It is often useful to normalise data. One type of normalisation is to 'zero center' the data by subtracting it's mean. This will yield data with a new mean of zero. Often we want to do this separately for each column or row of a matrix. Also it's often the case that we want to perform this operation on a square matrix.

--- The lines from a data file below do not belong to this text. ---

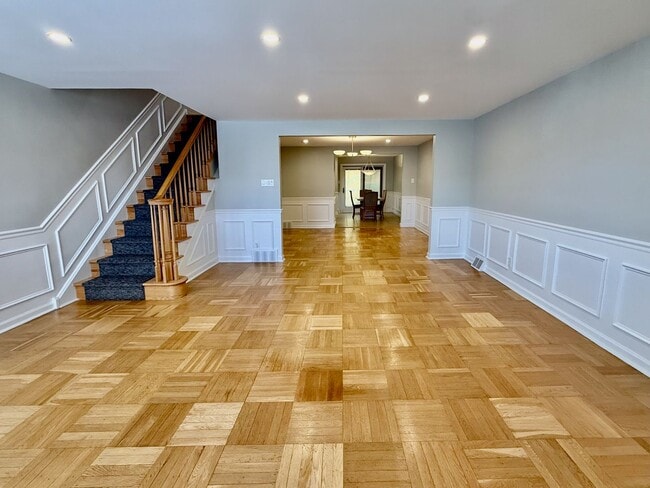 Building Photo - RARELY Offered completely RENOVATED PACKER PARK 3 Bedroom/2.5 Bath HOME w/ Central AC-HARDWOOD Fl...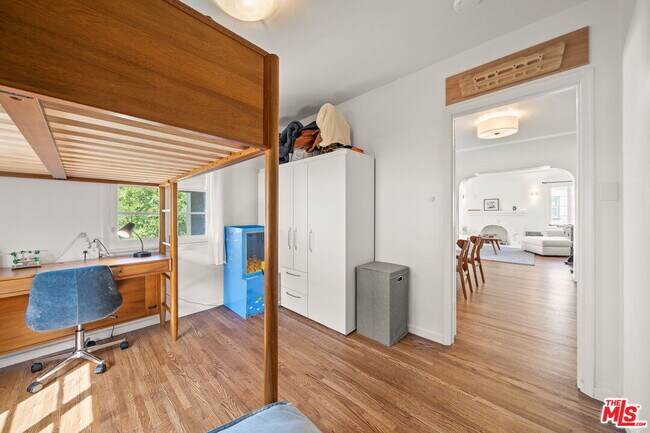 Building Photo - 1556 S Ogden Dr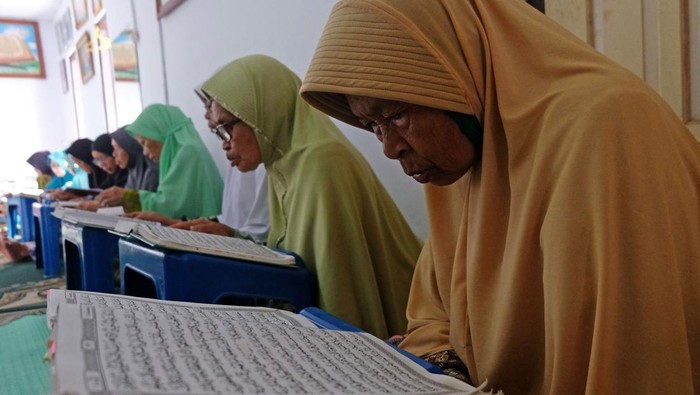 PESANTREN SEPUH PAYAMAN KEMBALI DIBUKA Sejumlah santri sepuh membaca Al Quran di serambi Masjid Agung Payaman, Komplek Pondok Pesantren Sepuh Payaman, Magelang, Jateng, Sabtu (25/3/2023). Pesantren Sepuh Payaman yaitu pesantren khusus bulan Ramadhan yang santrinya lanjut usia kembali dibuka setelah tiga tahun ditiadakan akibat pandemi COVID-19. ANTARA FOTO/Anis Efizudin/rwa.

In that case, we can multiply by a 'centering matrix':

\[\begin{equation} C = I - \frac{1}{N} \end{equation}\] \[\begin{equation} C = % \begin{bmatrix} 1 & 0 & 0 \\[5pt] 0 & 1 & 0 \\[5pt] 0 & 0 & 1 \\ \end{bmatrix} % -% \begin{bmatrix} \frac{1}{3} & \frac{1}{3} & \frac{1}{3} \\[5pt] \frac{1}{3} & \frac{1}{3} & \frac{1}{3} \\[5pt] \frac{1}{3} & \frac{1}{3} & \frac{1}{3} \end{bmatrix} % =% \begin{bmatrix} \frac{2}{3} & -\frac{1}{3} & -\frac{1}{3} \\[5pt] -\frac{1}{3} & \frac{2}{3} & -\frac{1}{3} \\[5pt] -\frac{1}{3} & -\frac{1}{3} & \frac{2}{3} \end{bmatrix} \end{equation}\] \[\begin{equation} CA =% \begin{bmatrix} \frac{2}{3} & -\frac{1}{3} & -\frac{1}{3} \\[5pt] -\frac{1}{3} & \frac{2}{3} & -\frac{1}{3} \\[5pt] -\frac{1}{3} & -\frac{1}{3} & \frac{2}{3} \end{bmatrix} \begin{bmatrix} 1 & 1 & 1\\[5pt] 0 & 2 & 0\\[5pt] 0 & 3 & -4 \end{bmatrix} % =% \begin{bmatrix} \frac{2}{3} & -1 & 2 \\[5pt] -\frac{1}{3} & 0 & 1 \\[5pt] -\frac{1}{3} & 1 & -3 \end{bmatrix} \end{equation}\]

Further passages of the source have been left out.